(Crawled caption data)
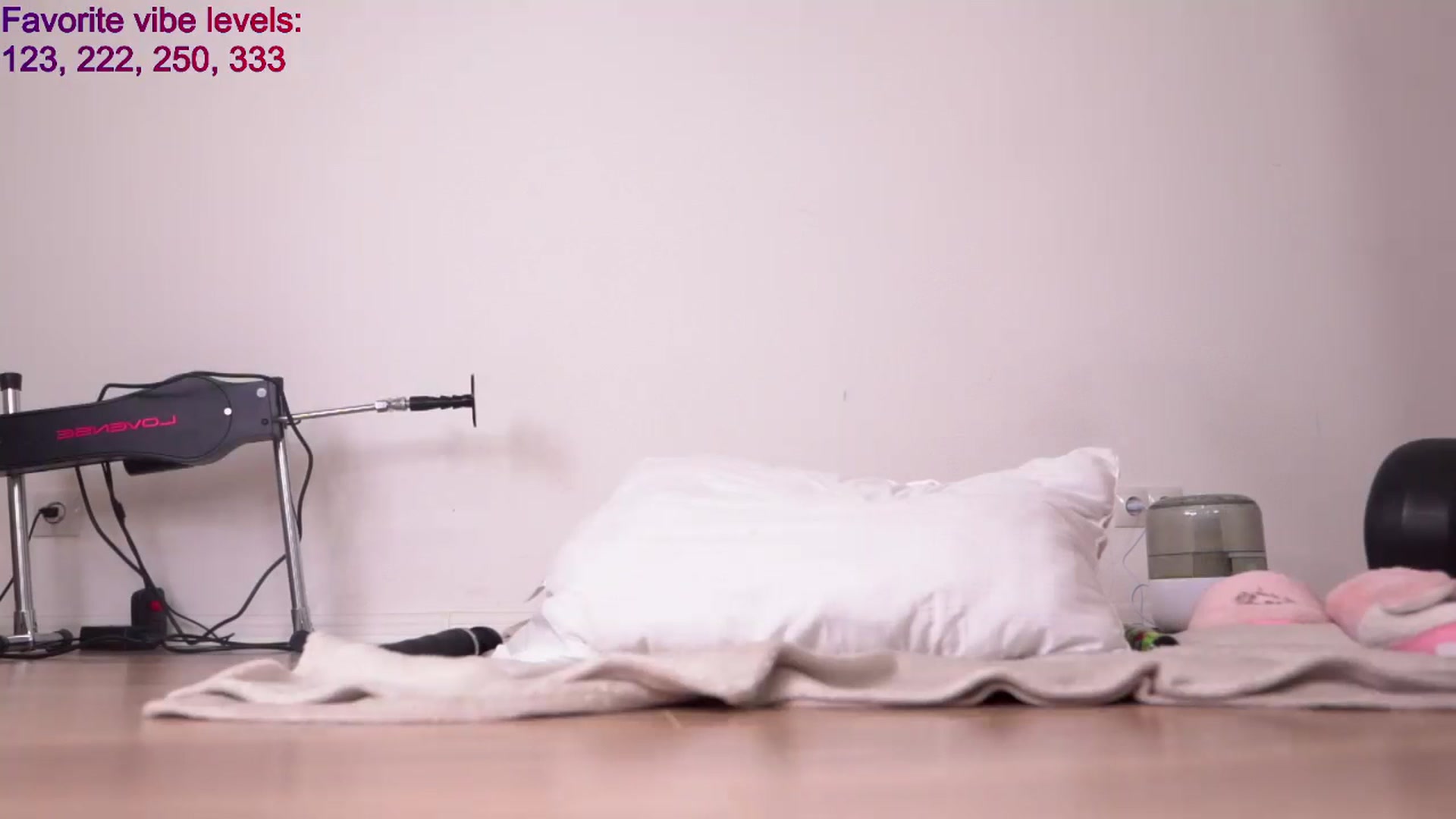 Gallery image thumbnail from Nariseoul's myfreecams stream on, 12/25/2023, 13:55 image 6 of 20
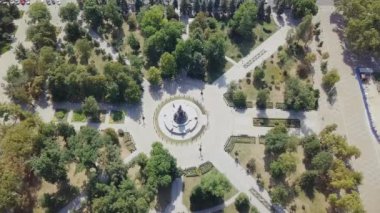 Rusya, Krasnodar - 30 Ağustos 2017: İmparatoriçe Catherine II, Ekaterinensky Meydanı ' nda şehir Krasnodar, Rusya'nın anıt. Video. UltraHD (4k)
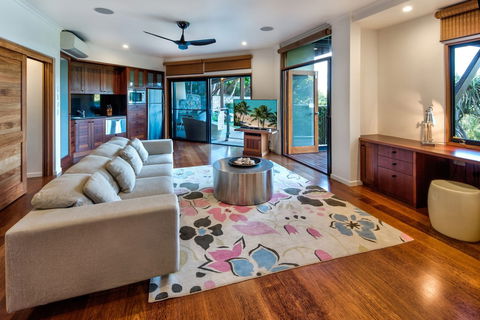 Iluka Luxury House With Ocean Views On Half Acre With Pool And Two Golf Buggies - Sydney 4u 2
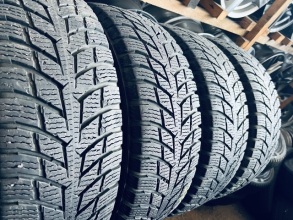 205 65 16C Nokian Snowproof C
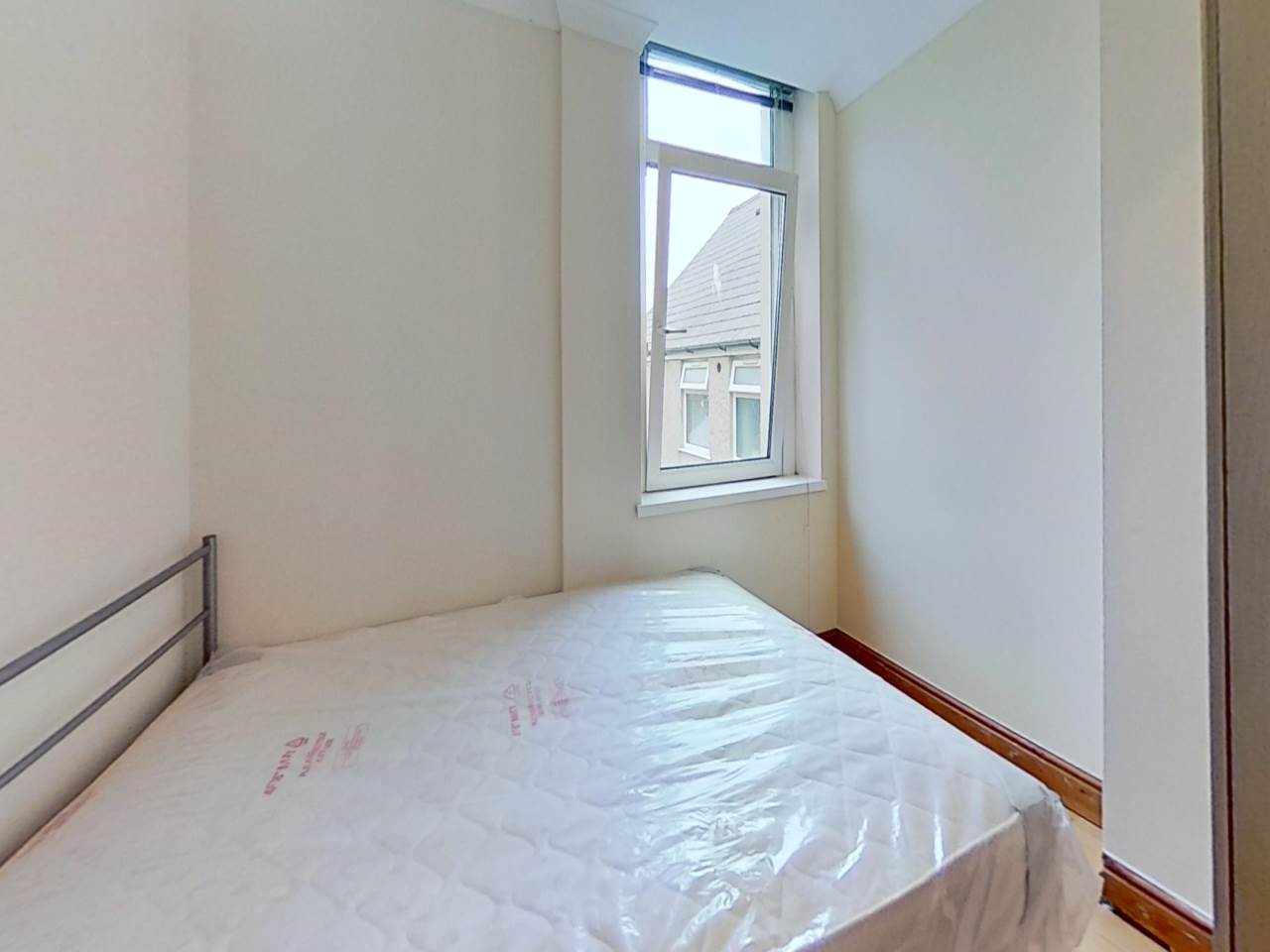 Flat Dalcross Street in Cardiff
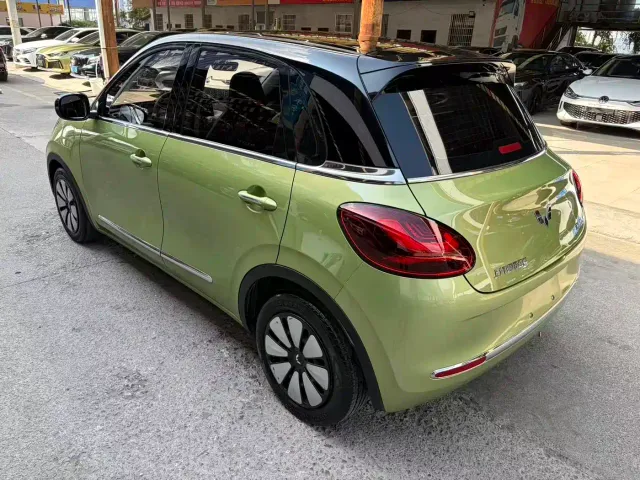 Wuling Bingo — Фото автомобиля 12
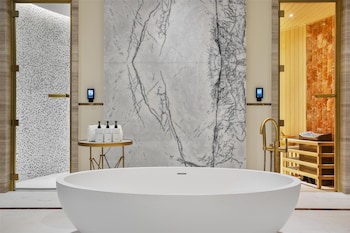 waldorf astoria doha lusail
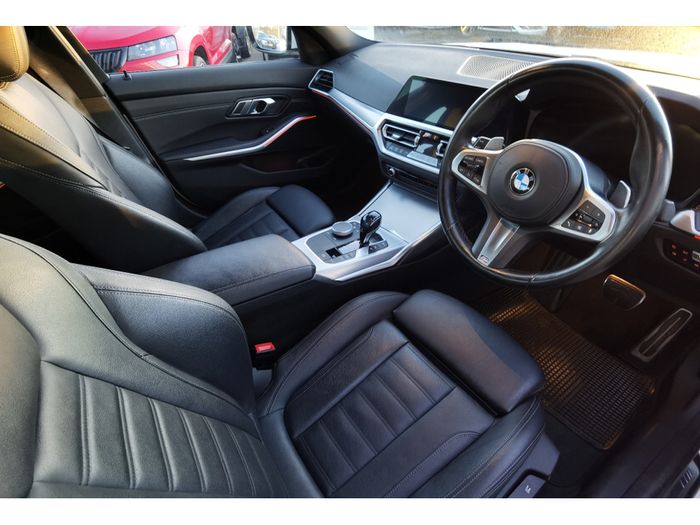 BMW 3 Series 2021
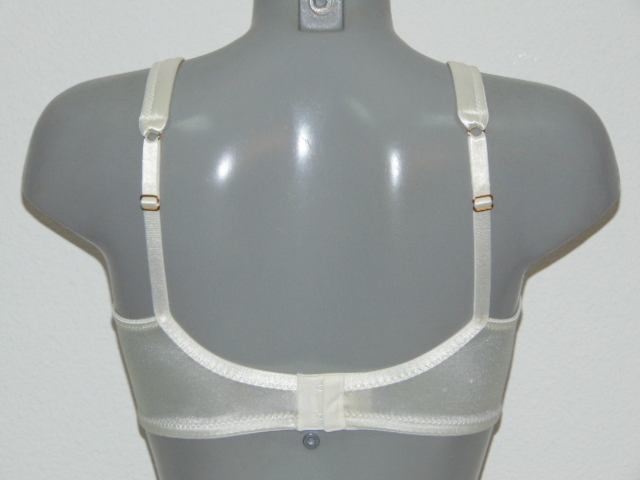 Eva Satin ivoire soutien-gorge sans armatures en dentelle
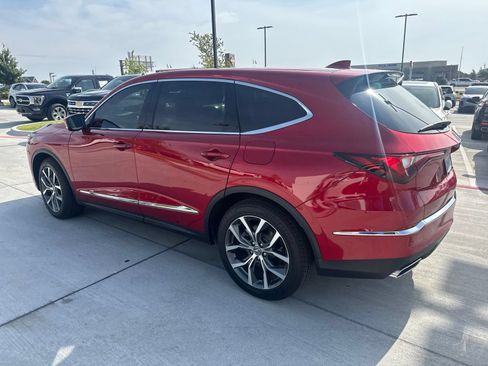Used 2024 Acura MDX SH-AWD w/ Technology Package image 4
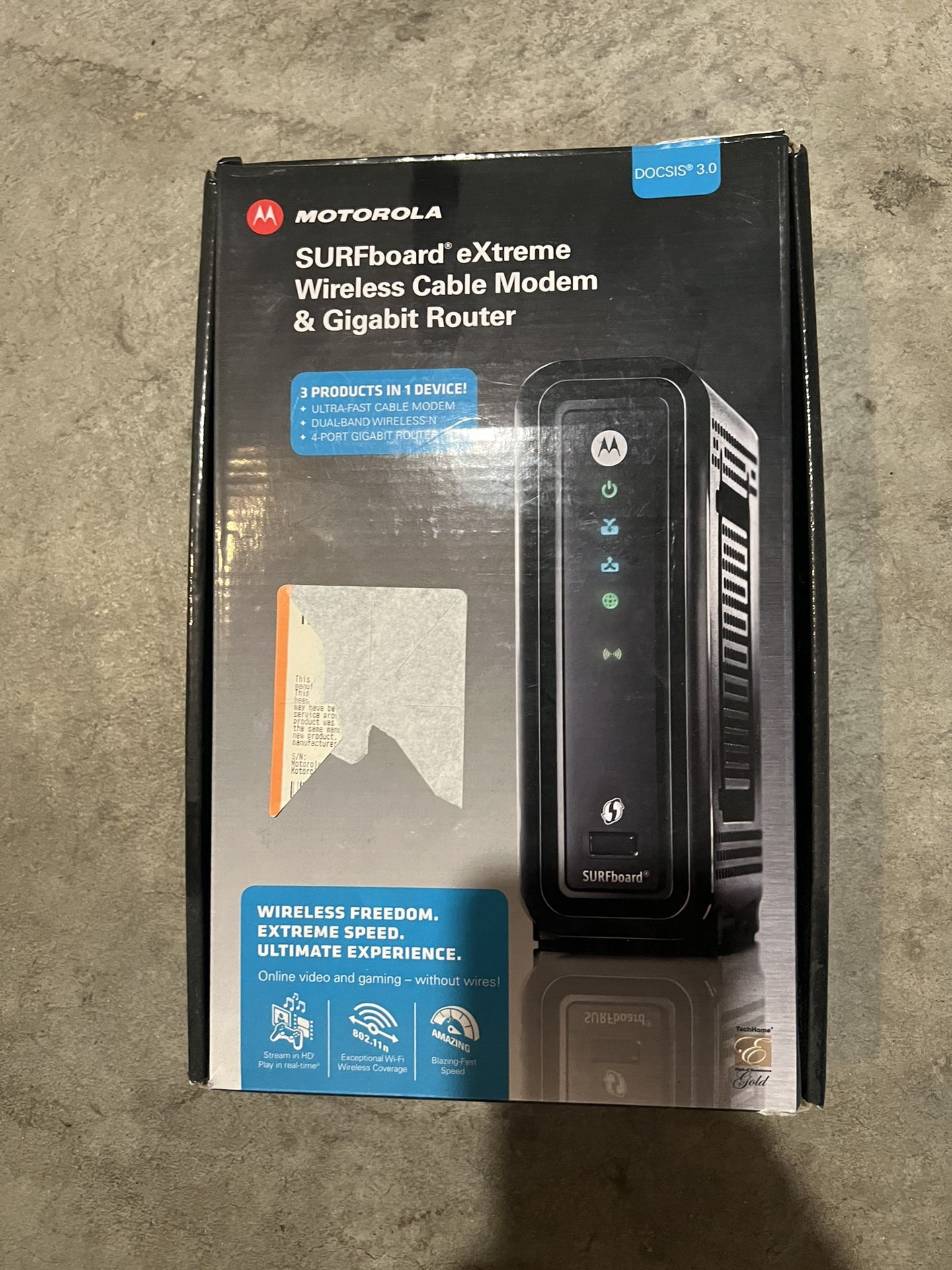 Motorola Wireless Cable Modem and Router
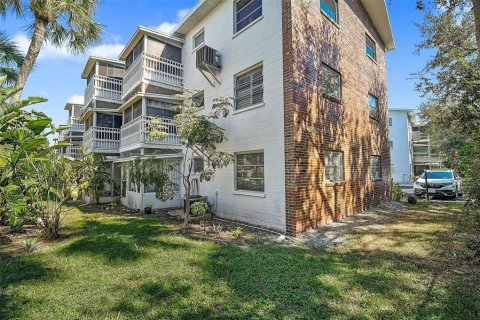 Copropriété à vendre à Bradenton, Floride: 2 chambres, 67.45 m2 № 2204234 - photo 27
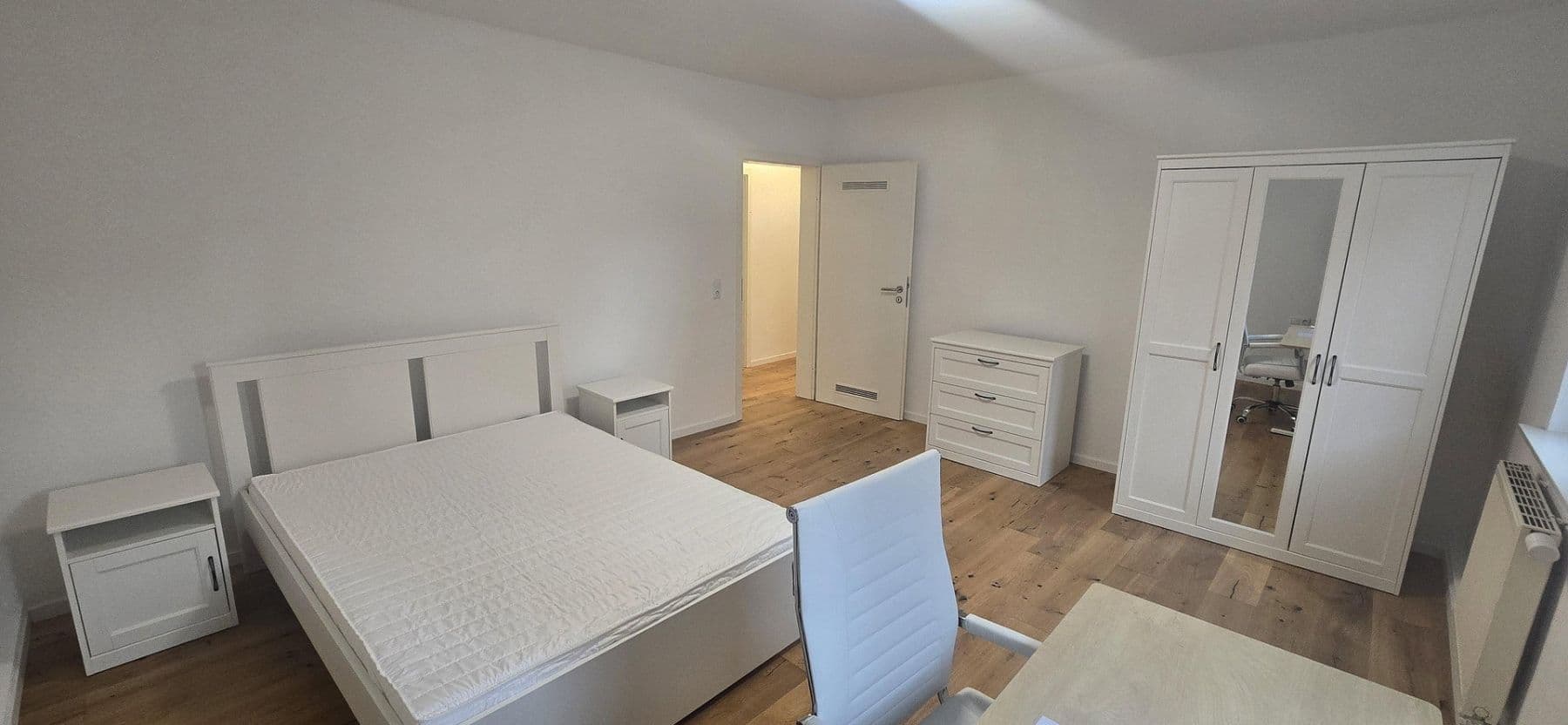 Prenájom bytu 1-izbový 38 m², Duisburgerstraße 26, Stuttgart, Bádensko-Wurttembersko Prenájom bytu 1-izbový 38 m², Duisburgerstraße 26, Stuttgart, Bádensko-Wurttembersko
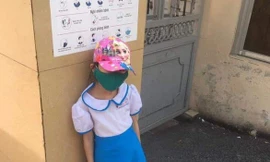 Đi học sớm, 1 học sinh bị bắt đứng ngoài cổng trường giữa trưa nắng.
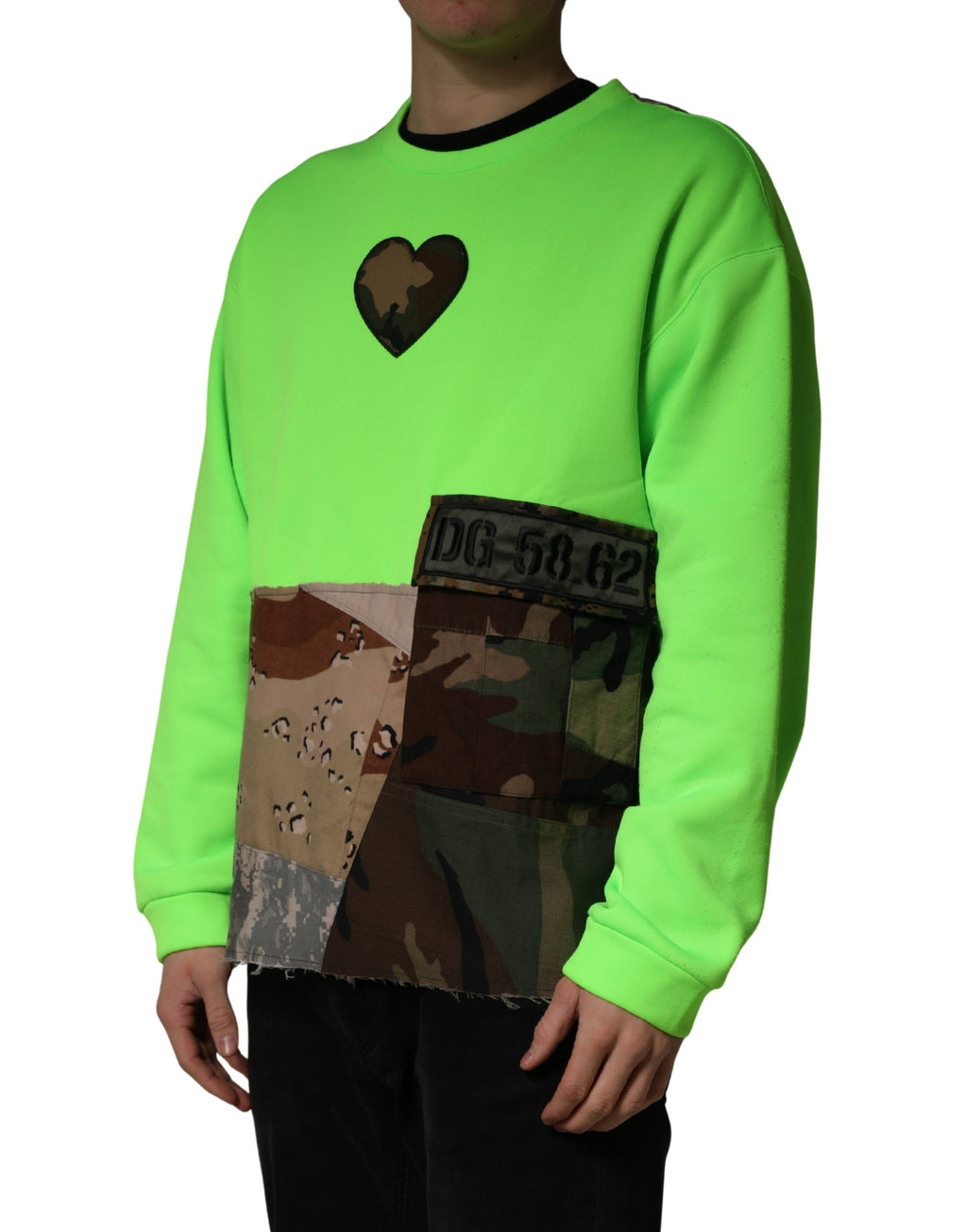 Sweatshirt homme Dolce & Gabbana vert avec patchwork en forme de cœur, élégant pull avec motif coloré.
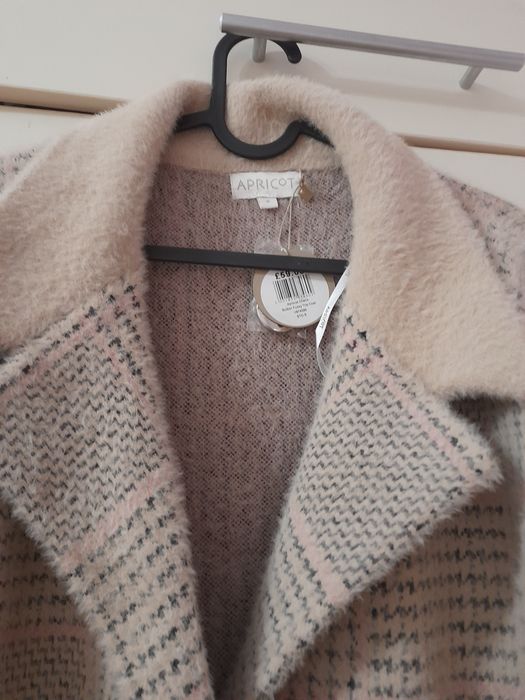 Pardesiu nou Apricot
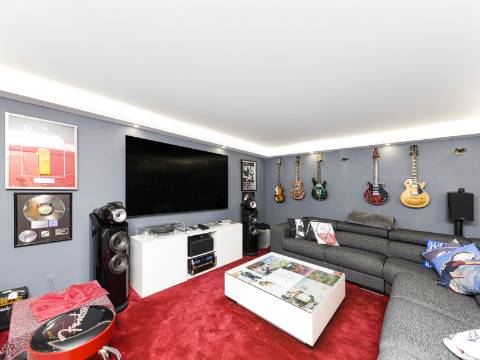 VALE FORMOSO - Exclusiva Moradia T4+1 no Condomínio 'The Crest'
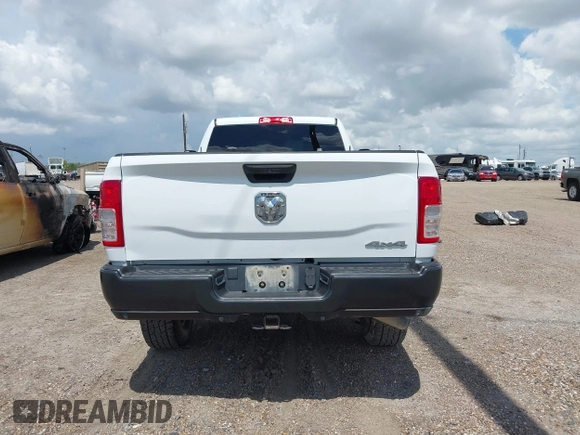 2022 Ram 2500 Tradesman with VIN 3C6UR5HJ4NG345415, listed as a IAAI auction lot 42565756 with 131,495 mi miles and . Bid and sale history available at DreamBid. Image 16.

◆ **What you are asked to do**
Drop the pictures, then write out only the lines running from the one containing "Pardesiu nou Apricot" through the last line above, both included, exactly.

◆ **Response to this exercise**
 Pardesiu nou Apricot
 VALE FORMOSO - Exclusiva Moradia T4+1 no Condomínio 'The Crest'
 2022 Ram 2500 Tradesman with VIN 3C6UR5HJ4NG345415, listed as a IAAI auction lot 42565756 with 131,495 mi miles and . Bid and sale history available at DreamBid. Image 16.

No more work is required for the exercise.